Contrary to doubters, Bodansky noted ominously growing ties between bin Laden and Hussein:
Bin Laden moved quickly to solidify the cooperation with Saddam Hussein. In mid-July, Ayman al-Zawahiri traveled to Iraq clandestinely. He met senior Iraqi officials, including Taha Yassin Ramadan, to discuss practical modalities for the establishment of bin Laden’s base in Iraq, the expansion of training for his mujahideen, and a joint strategy for an anti-U.S. jihad throughout the Arab world and North Africa. Baghdad could not have been more helpful, conditioning its support on bin Laden’s promise not to incite the Iraqi Muslim Brotherhood into establishing an Islamic state in Iraq; in other words not to conspire against Saddam Hussein’s reign. While in Iraq, Zawahiri was also taken to visit a potential site for bin Laden’s headquarters near al-Fallujah and terrorist training camps run by Islamists. In the name of Osama bin Laden, Zawahiri assumed responsibility for a training camp in the al-Nasiriyah desert established by Iraqi intelligence in about 1997 for terrorists from Saudi Arabia and the Gulf States.

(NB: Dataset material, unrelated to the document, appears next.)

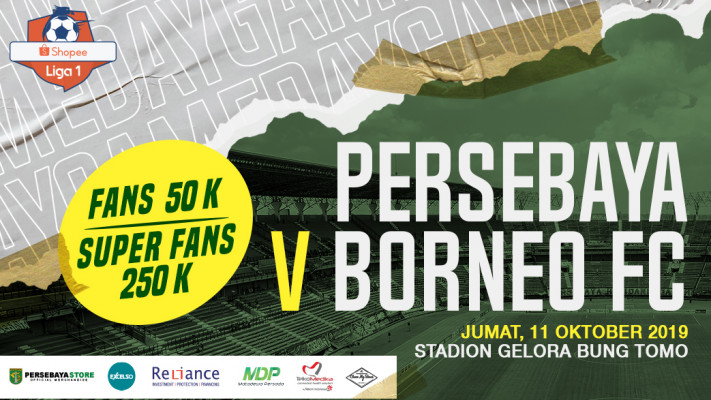 PERSEBAYA VS BORNEO FC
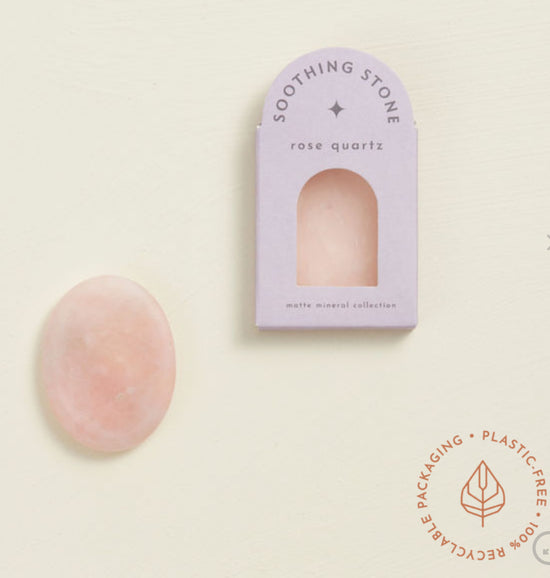 Load image into Gallery viewer, Rose Quartz Soothing Stone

Hussein’s rediscovery of Islam’s political advantages had earlier precedent from the 1980s, Bodansky examined:
Because all of the leaders of the Palestine Liberation Organization (PLO) had been affiliated with the Muslim Brotherhood in their youth, the PLO was one of the first Palestinian organizations to recognize the emerging power and significance of radical Islamist terrorism. Yassir Arafat began using Islamic terminology in his speeches.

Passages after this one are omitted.